More importantly, do risk matrices answer the questions safety managers are routinely asked to justify?
- Should we spend $1,000,000 to move this risk from “yellow” to “green”?
- Are our existing controls actually effective?
- Is this level of risk acceptable in relation to our safety objectives?
- If we invest $X, should we reasonably expect risk to be reduced—and by how much?
The Problem with Conventional Risk Matrices
A substantial body of literature suggests that traditional approaches to risk assessment—particularly qualitative risk matrices—can degrade decision-making rather than improve it. The lack of quantitative rigor, heavy reliance on subjective judgment, and the intuitive appeal of color-coded boxes create the illusion of risk control without providing meaningful decision support.
A key weakness is the over-reliance on Subject Matter Experts (SMEs) to estimate likelihood. While SMEs possess essential operational knowledge, expertise alone does not guarantee accurate probability estimates. Research consistently shows that human judgment is vulnerable to cognitive biases such as overconfidence, anchoring, and excessive focus on recent or vivid events.
Compounding this issue, SMEs are rarely given feedback on the accuracy of past estimates. Without structured feedback loops, estimates do not improve over time—an outcome that directly undermines the SMS principle of continuous improvement.
Without structured analytical tools, data, and training in cognitive bias awareness, SME input becomes inconsistent and unreliable as the primary basis for risk assessment.

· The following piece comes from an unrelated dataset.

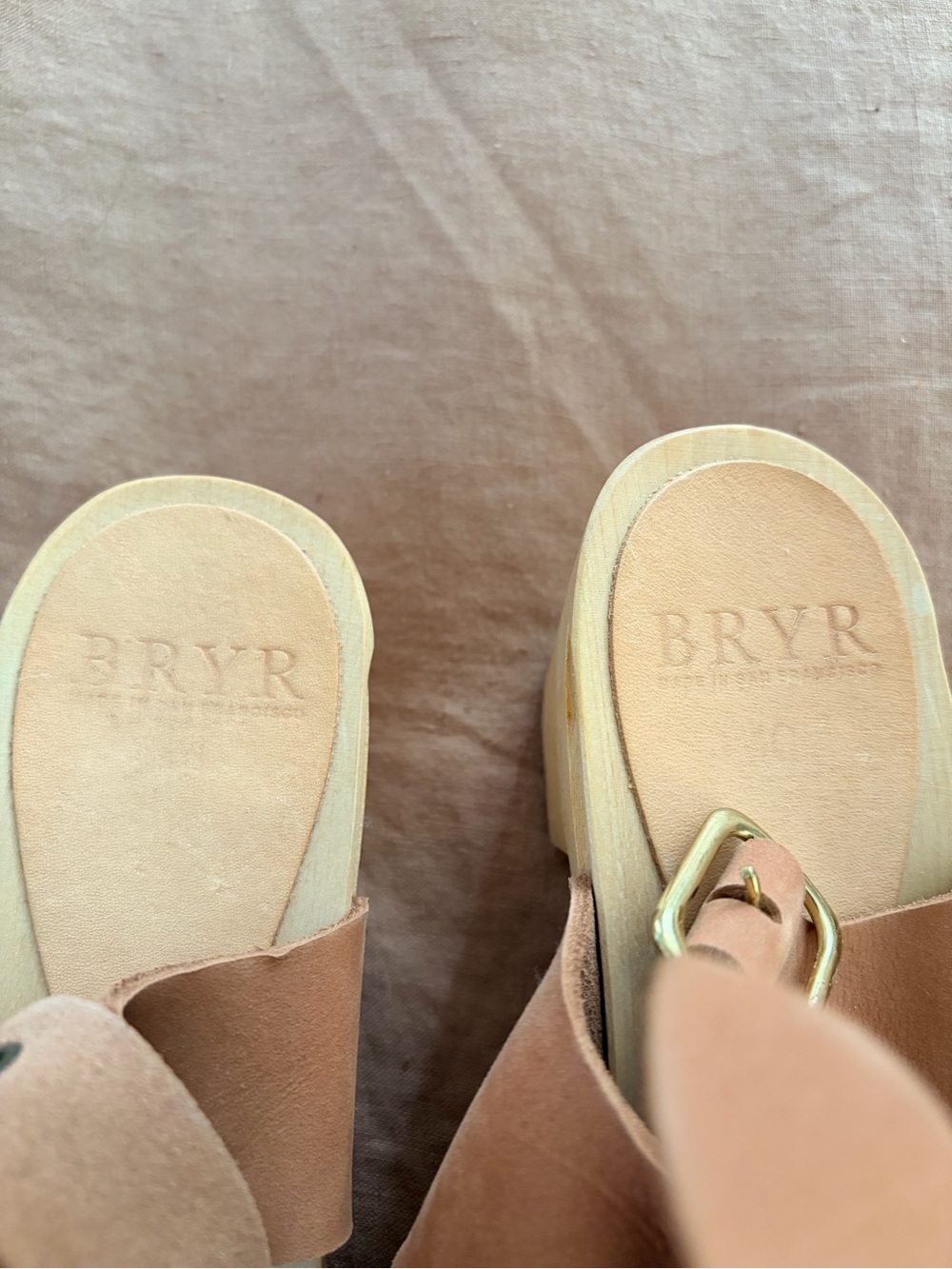 Bryr Spanish Peep-toe Clog - Picture 2 of 5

The Illusion of Communication
Risk matrices also create an “illusion of communication.” Numerous studies demonstrate that commonly used likelihood terms—such as unlikely, possible, or likely—are interpreted very differently by different individuals.
Ask three safety professionals what “likely” means in numerical terms, and you will receive three different answers. When risk categories lack shared quantitative meaning, discussions about risk acceptance, prioritization, and mitigation become subjective and internally inconsistent.

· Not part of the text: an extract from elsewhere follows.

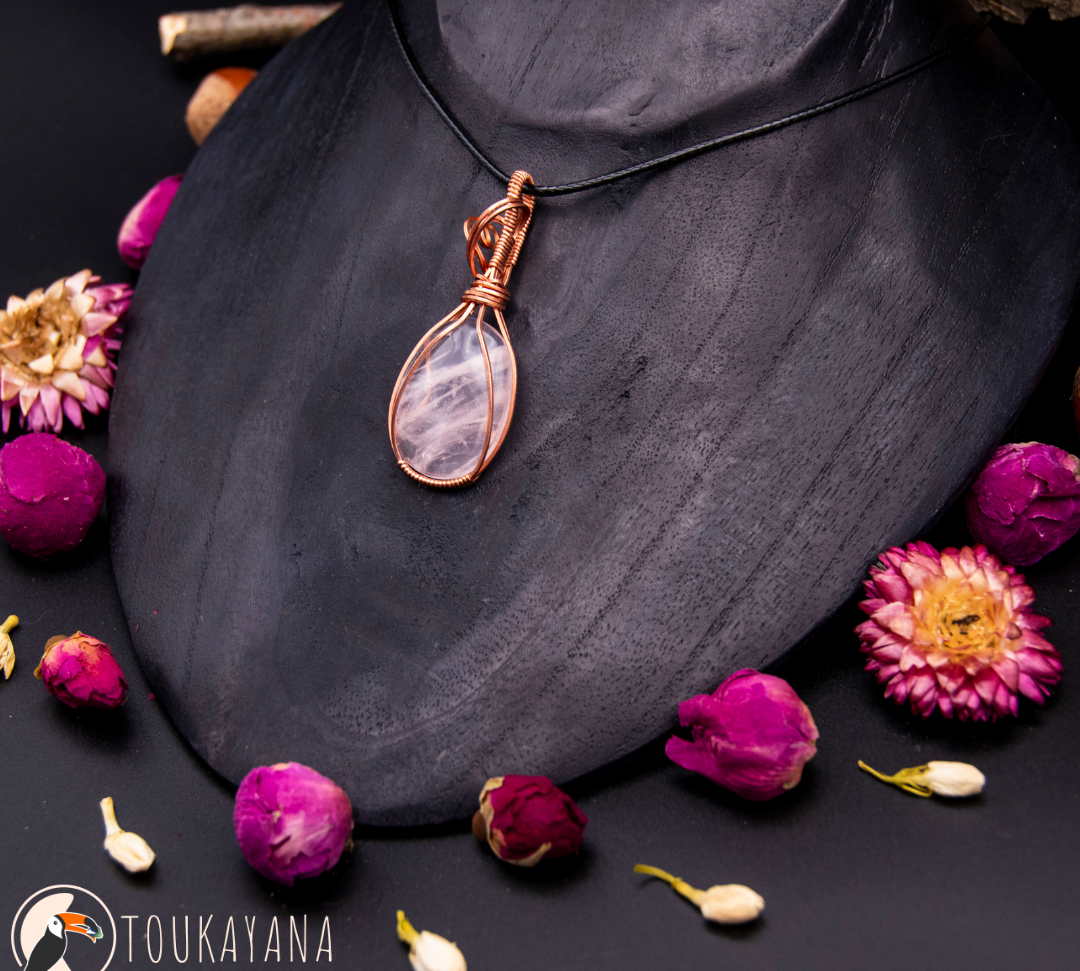 Colliers création "wire wrapping"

Why Risk Matrices Fall Short in SMS
From an SMS perspective, risk matrices fail in several critical ways:
- They provide only a snapshot in time, not a dynamic view of risk.
- Likelihood estimates are highly unstable and rarely validated.

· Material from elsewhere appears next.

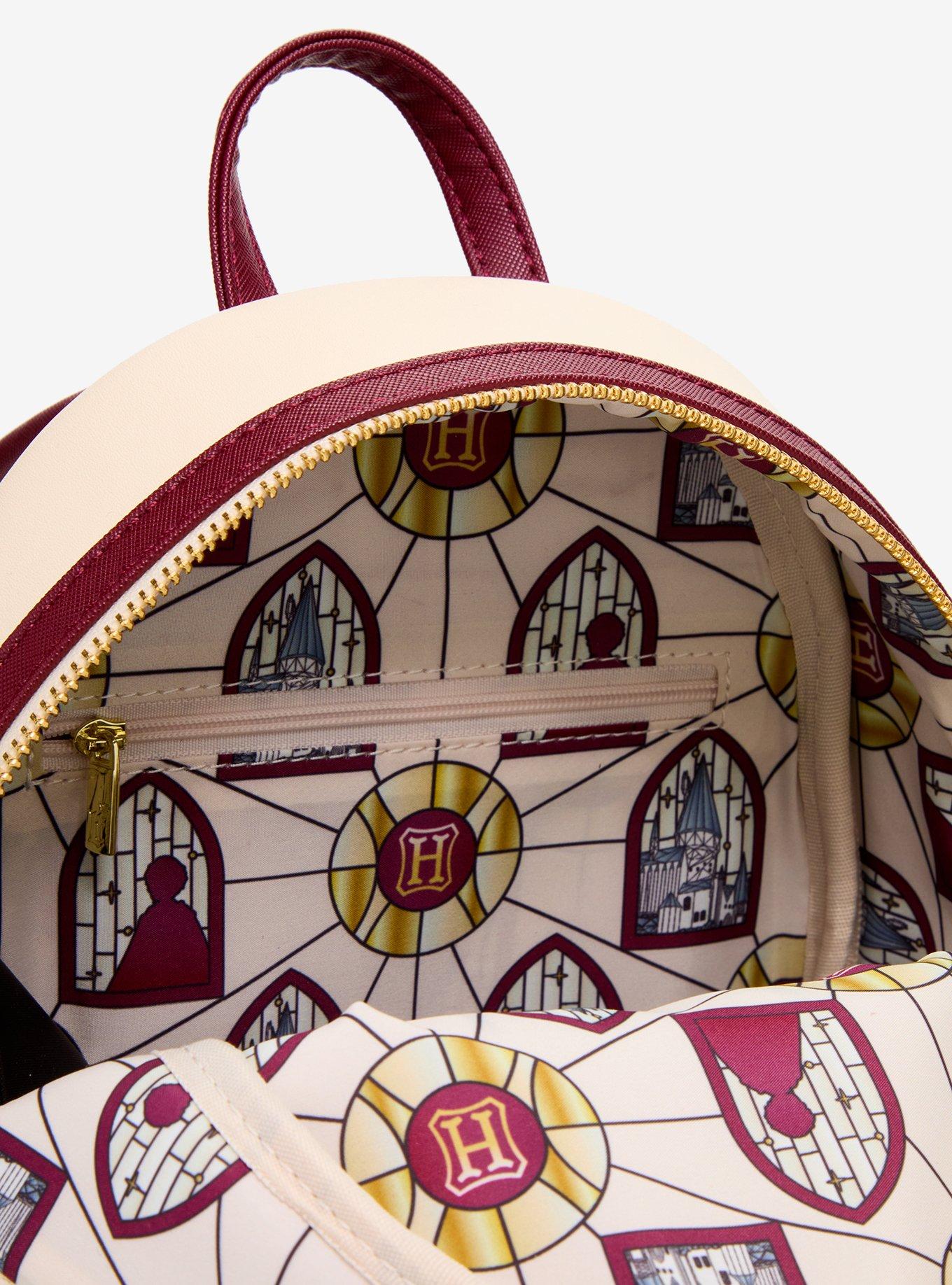 Loungefly Harry Potter Hedwig Stained Glass Window Mini Backpack - BoxLunch Exclusive, , alternate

- They offer no direct feedback on control effectiveness.
- They do not clearly show which organizational objectives are at risk.
- They do not support determinations of whether risk is acceptable or reasonably reduced.
Moving Beyond the Matrix
So what should safety managers use instead?
Improve estimation quality
Train those involved in risk assessment to express uncertainty more precisely. Define likelihood terms quantitatively and explicitly account for control effectiveness rather than assuming it.
Use quantitative decision-support tools
Simple quantitative tools can dramatically improve insight. Monte Carlo analysis, as described in Doug Hubbard’s The Failure of Risk Management, can be implemented using Excel and provides far more actionable information than qualitative scoring.
Other effective methodologies include:
- Decision Trees
- Failure Mode and Effects Analysis (FMEA)
- Think Reliability’s Cause Mapping
Measure control effectiveness
Effective controls reduce risk—but only if they actually work. Control effectiveness cannot be assumed; it must be measured.
The SMICG pamphlet Measuring Safety Performance – Guidelines for Service Providers provides practical guidance for developing safety performance indicators linked to controls. The Design, Implementation, Monitoring, and Evaluation (DIME) framework developed by Applied Mental Health Research Group is another valuable tool for assessing whether controls are producing the intended safety outcomes.
Final Thought
If the goal of SMS is informed decision-making and continuous improvement, safety managers must move beyond reliance on simplistic risk matrices. Data-driven methods, structured analysis, and measurable controls provide far better insight into actual risk exposure.
Risk management should illuminate decisions—not conceal uncertainty behind a grid of colored squares.